▶ _Data in this exercise_:
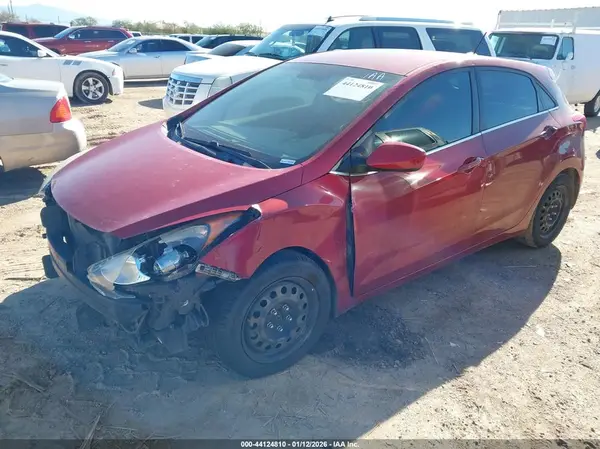 KMHD35LH0HU350140 2017 HYUNDAI ELANTRA - Image 2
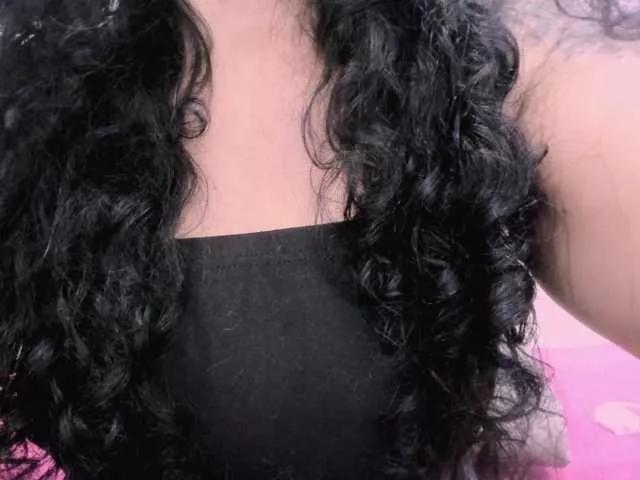 Offline latinvalery on BongaCams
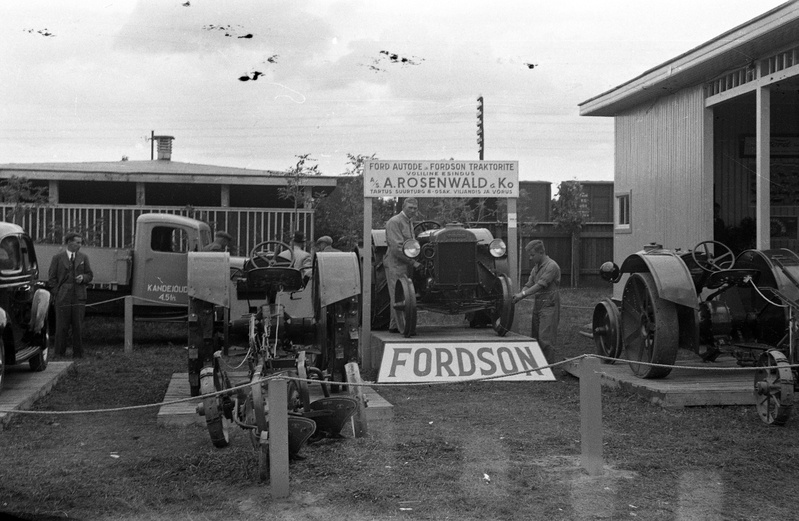 Traktor "Ford" "A.Rosenwaldi& Co" näitusepaviljonis Tartu Eesti Põllumeeste Seltsi 50.aasta juubelinäitusel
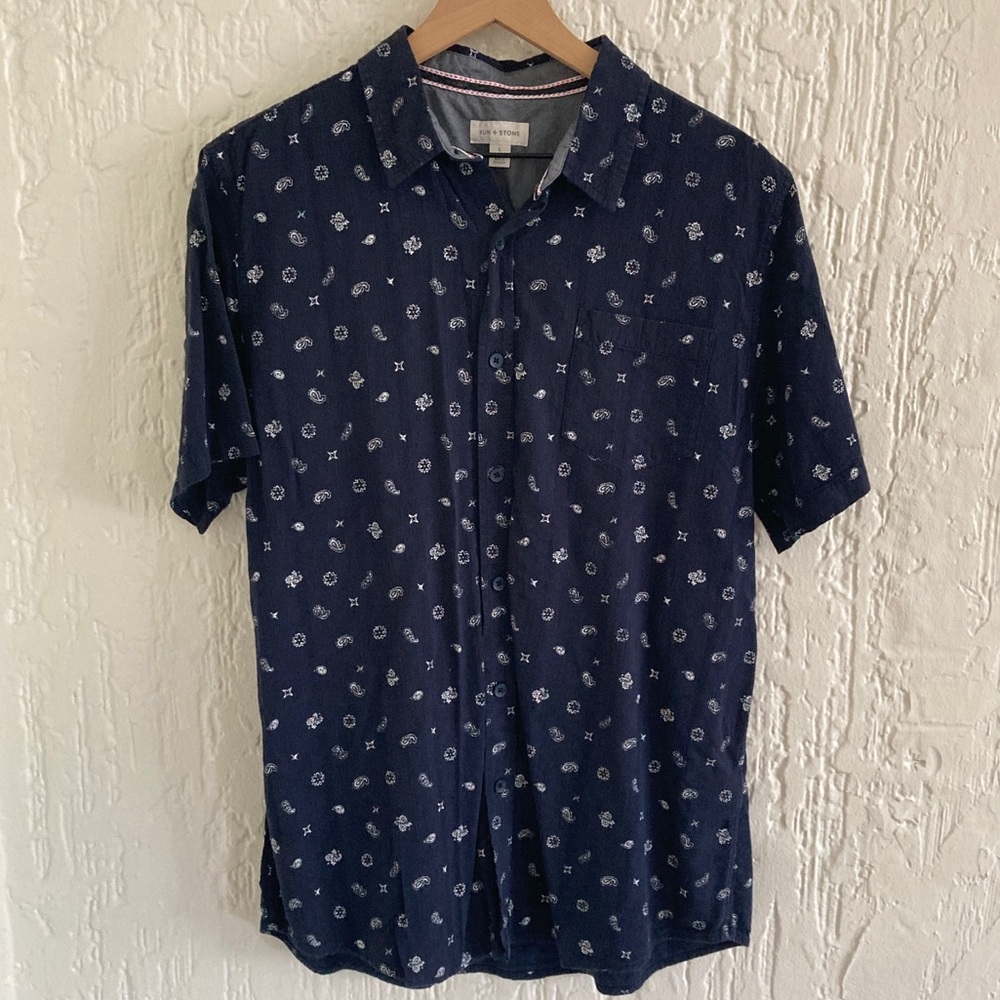 Sun + Stone Dark Blue Short Sleeve Button Down Shirt Size Medium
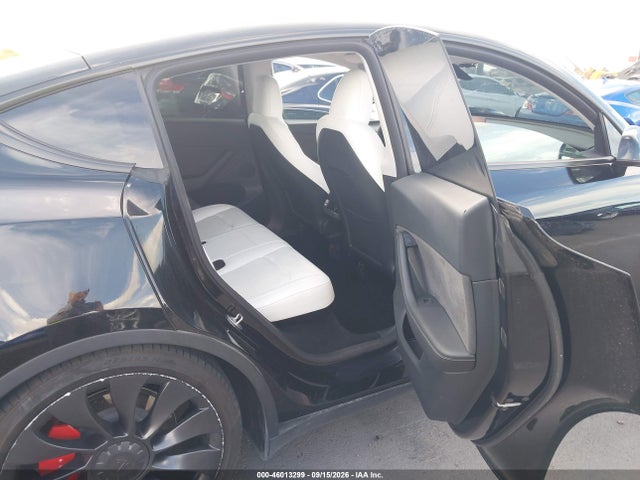 46013299 :رقم المزاد ، 7SAYGDEF0PF814554 vin ، 2023 Tesla Model Y Performance Dual Motor All-wheel Drive مزاد بيع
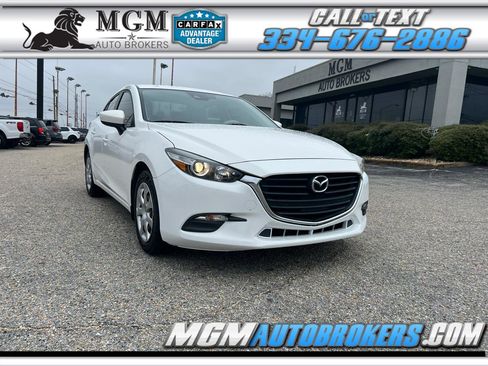 Used 2018 MAZDA MAZDA3 Sport image 1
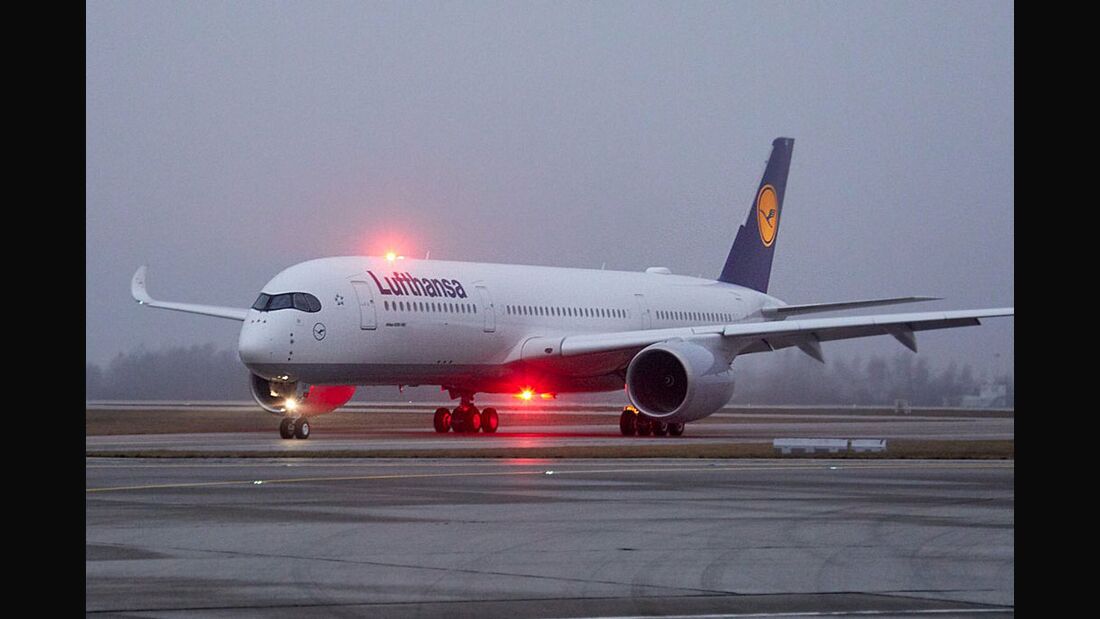 Erste Lufthansa A350 landet in München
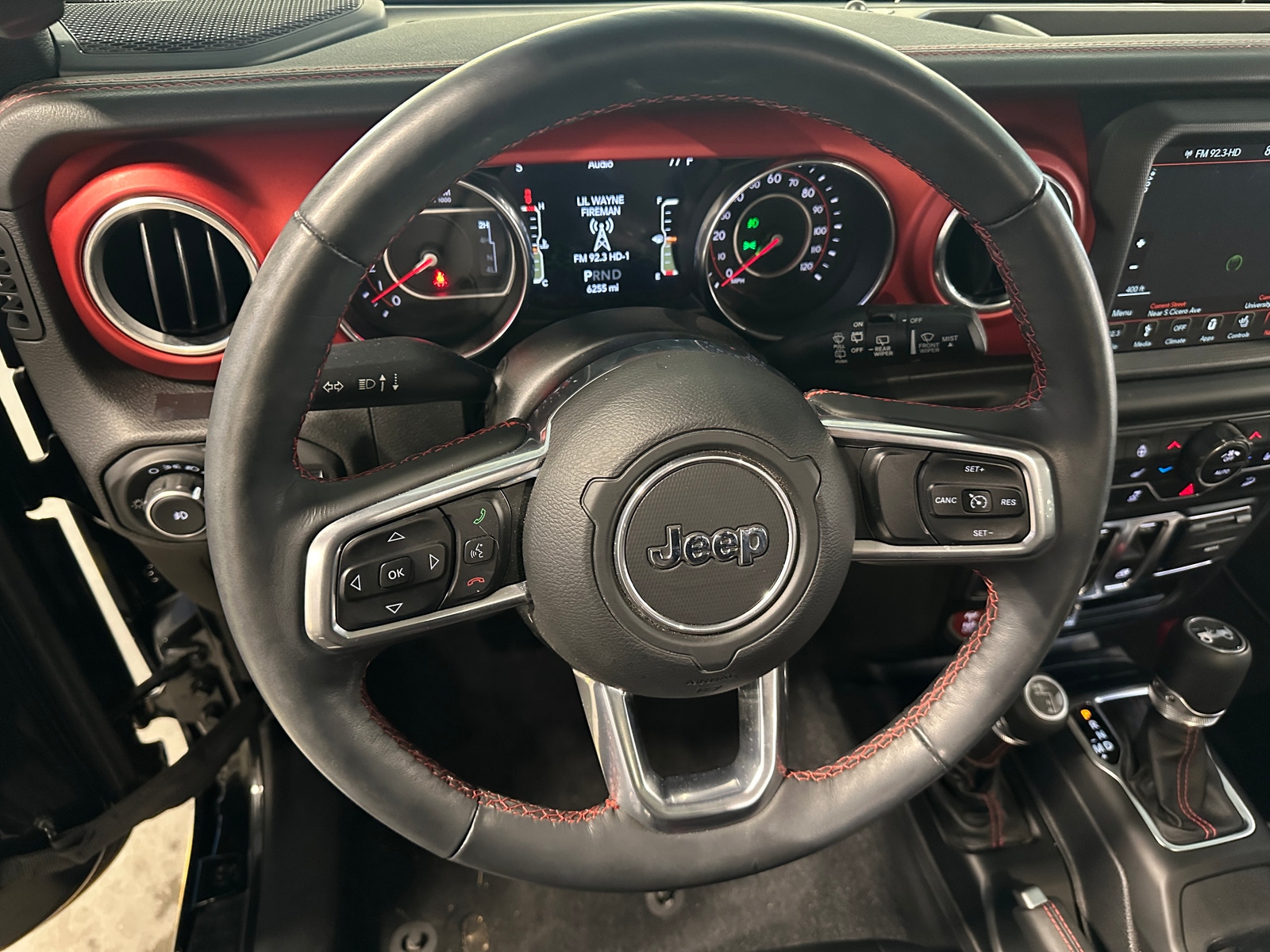 Thumbnail: 2019 Jeep Wrangler - 4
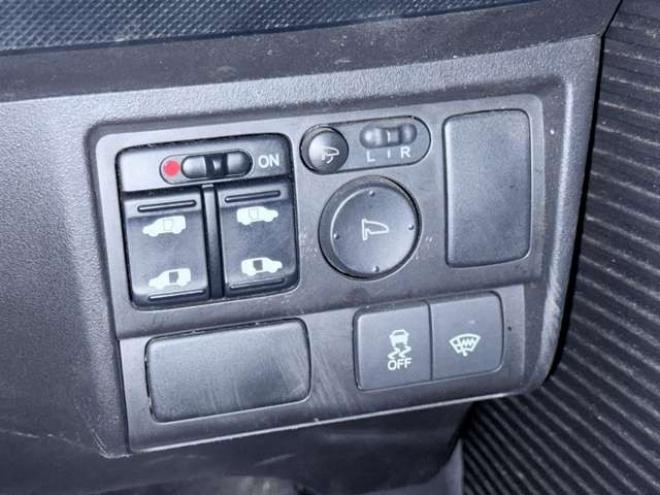 フリードスパイクハイブリッド1.5 ジャストセレクション　下廻防錆TVナビBカメETC 2WD 1500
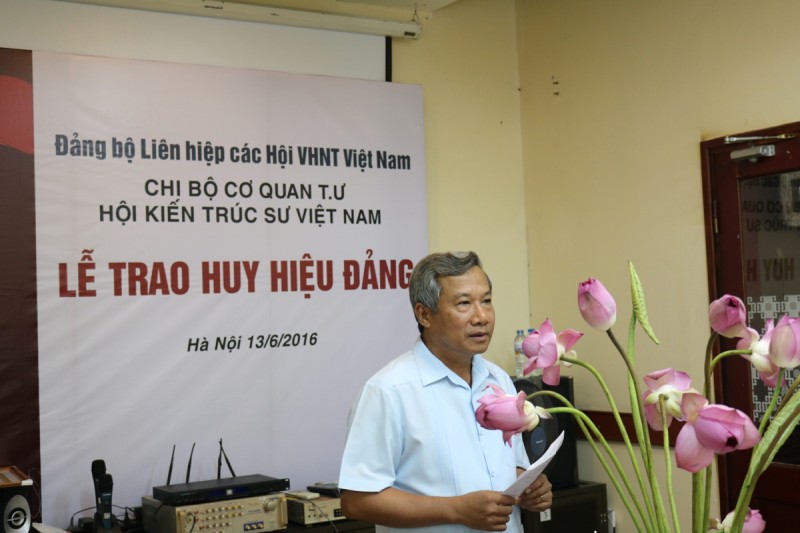 Ông Trần Hồng Hà - Phó Bí thư Đảng uỷ Khối các CQ T.Ư phát biểu tại buổi lễ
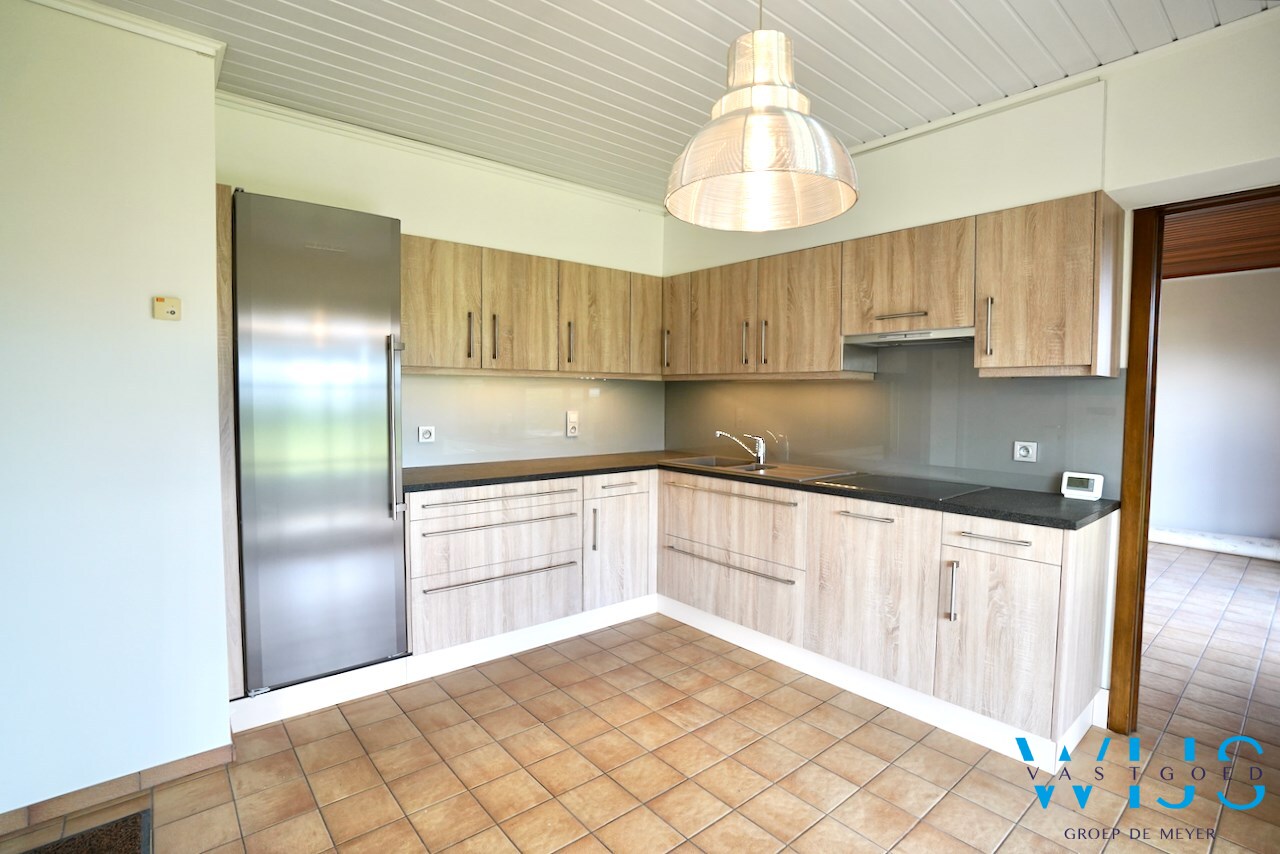Landelijk gelegen woonhuis op 902m&#178; te ERTVELDE !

▶ _Exercise directions_: I'd like every record transcribed exactly, with no pictures carried over.

▶ _Result of the task_:
 KMHD35LH0HU350140 2017 HYUNDAI ELANTRA - Image 2
 Offline latinvalery on BongaCams
 Traktor "Ford" "A.Rosenwaldi& Co" näitusepaviljonis Tartu Eesti Põllumeeste Seltsi 50.aasta juubelinäitusel
 Sun + Stone Dark Blue Short Sleeve Button Down Shirt Size Medium
 46013299 :رقم المزاد ، 7SAYGDEF0PF814554 vin ، 2023 Tesla Model Y Performance Dual Motor All-wheel Drive مزاد بيع
 Used 2018 MAZDA MAZDA3 Sport image 1
 Erste Lufthansa A350 landet in München
 Thumbnail: 2019 Jeep Wrangler - 4
 フリードスパイクハイブリッド1.5 ジャストセレクション　下廻防錆TVナビBカメETC 2WD 1500
 Ông Trần Hồng Hà - Phó Bí thư Đảng uỷ Khối các CQ T.Ư phát biểu tại buổi lễ
Landelijk gelegen woonhuis op 902m&#178; te ERTVELDE !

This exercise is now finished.